= TASK =
Copy exactly the stretch of data below from the line with "FFD Heavy Duty" through the line with "Deco Marche Brown", including both of those lines.
─── EXERCISE INPUT
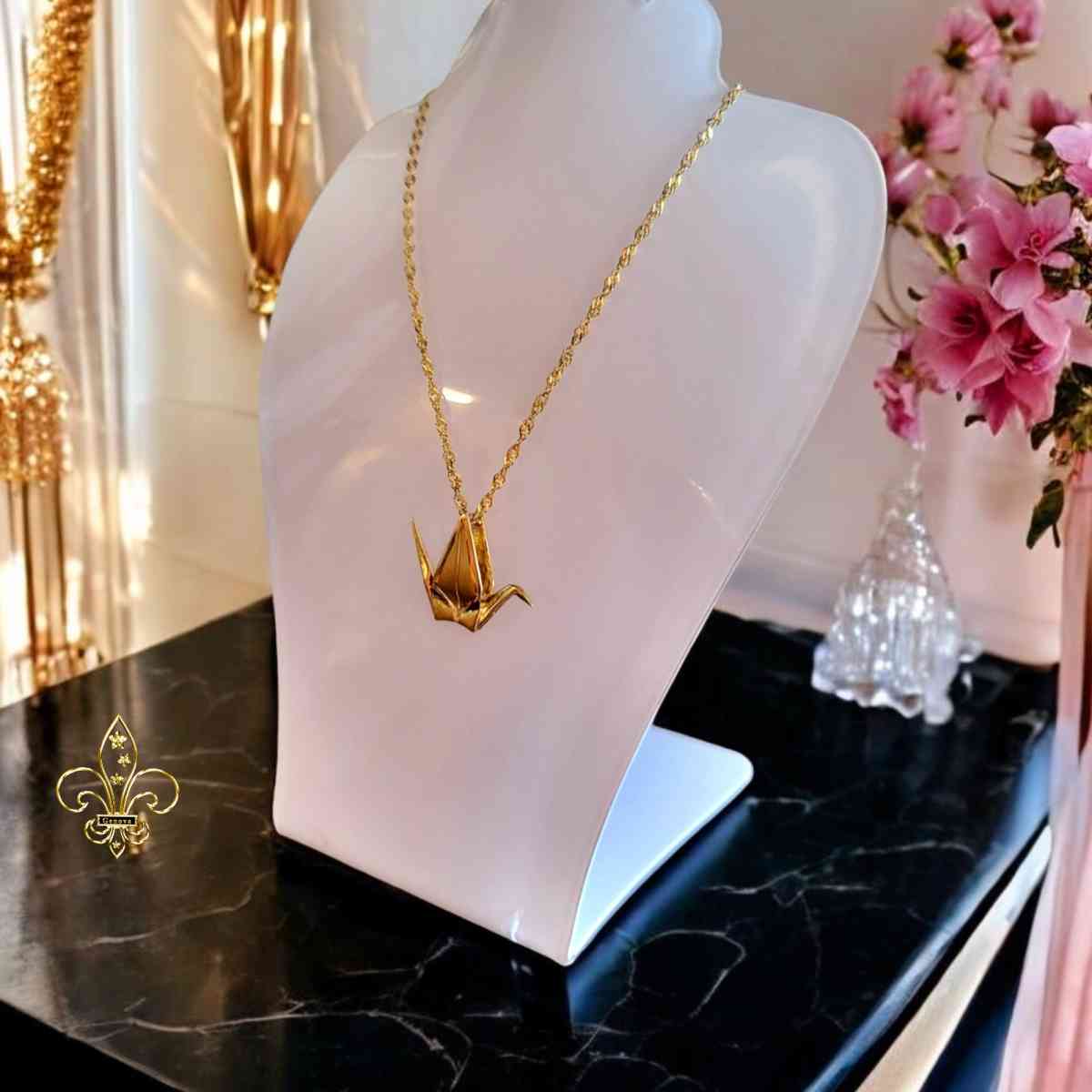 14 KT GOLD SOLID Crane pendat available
──────
─── EXERCISE INPUT
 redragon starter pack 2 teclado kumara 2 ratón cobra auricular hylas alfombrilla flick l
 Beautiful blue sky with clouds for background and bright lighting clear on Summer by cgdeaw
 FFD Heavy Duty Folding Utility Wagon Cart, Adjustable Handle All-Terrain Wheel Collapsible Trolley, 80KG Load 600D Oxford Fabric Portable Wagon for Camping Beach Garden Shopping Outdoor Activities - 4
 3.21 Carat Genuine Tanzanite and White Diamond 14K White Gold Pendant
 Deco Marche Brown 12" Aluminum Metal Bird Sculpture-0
──────
─── EXERCISE INPUT
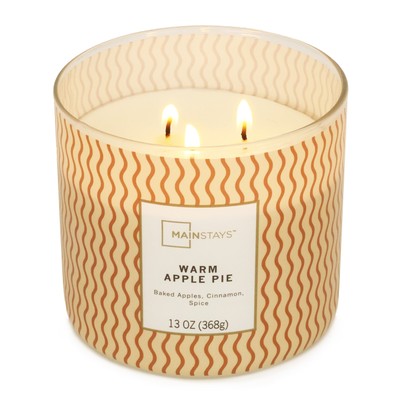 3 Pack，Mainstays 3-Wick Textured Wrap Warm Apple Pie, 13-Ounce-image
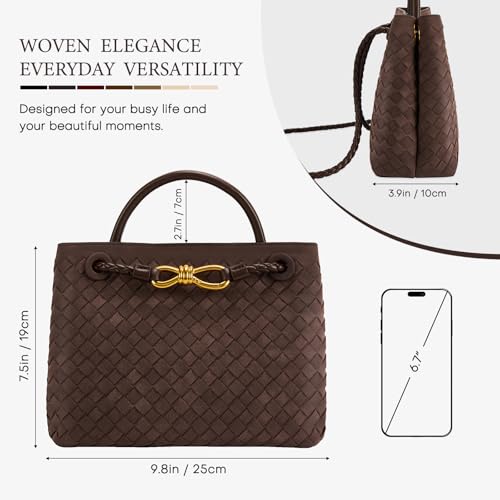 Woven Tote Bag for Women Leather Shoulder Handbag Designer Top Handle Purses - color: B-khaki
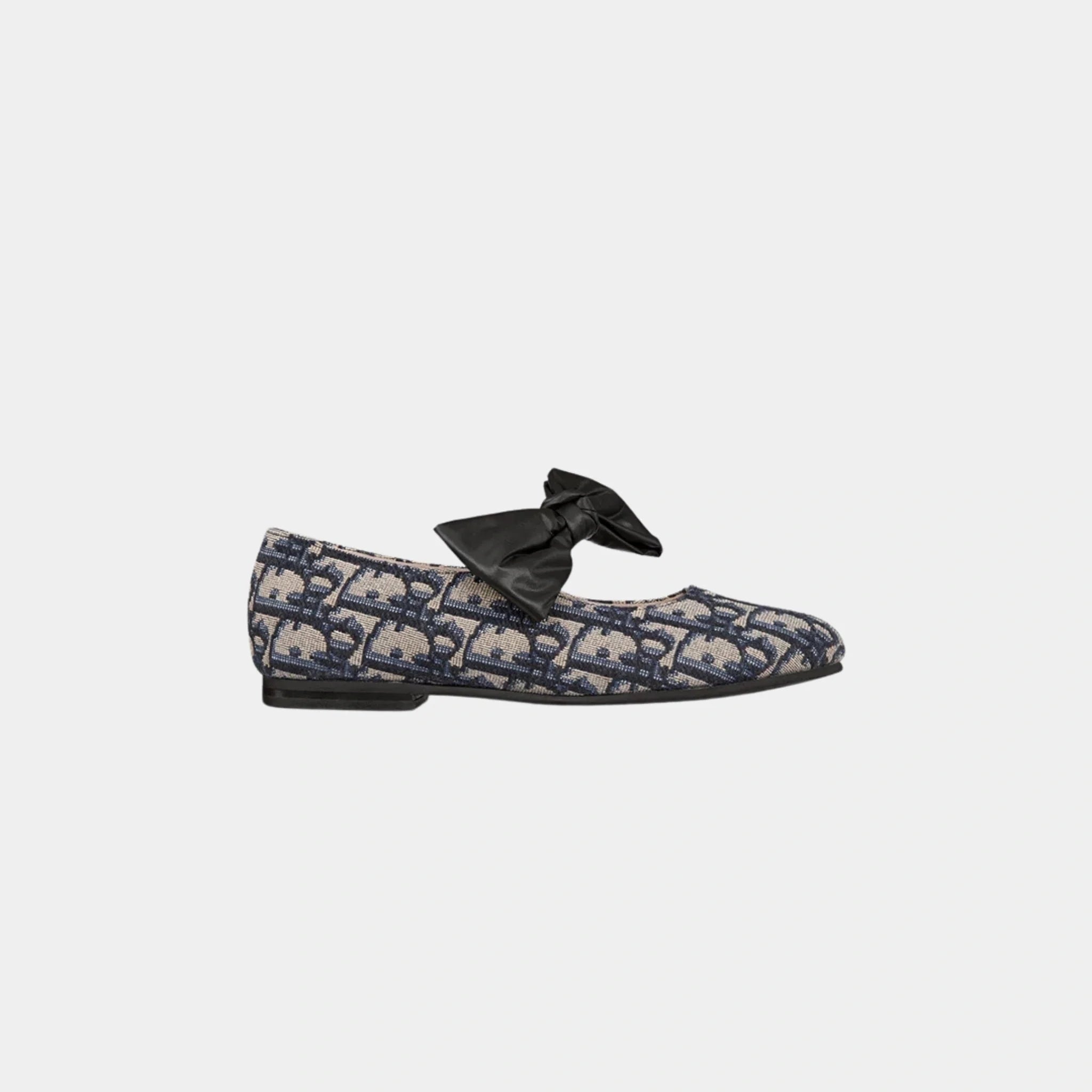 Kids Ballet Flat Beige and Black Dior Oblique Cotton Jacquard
──────
= TASK ANSWER =
 FFD Heavy Duty Folding Utility Wagon Cart, Adjustable Handle All-Terrain Wheel Collapsible Trolley, 80KG Load 600D Oxford Fabric Portable Wagon for Camping Beach Garden Shopping Outdoor Activities - 4
 3.21 Carat Genuine Tanzanite and White Diamond 14K White Gold Pendant
 Deco Marche Brown 12" Aluminum Metal Bird Sculpture-0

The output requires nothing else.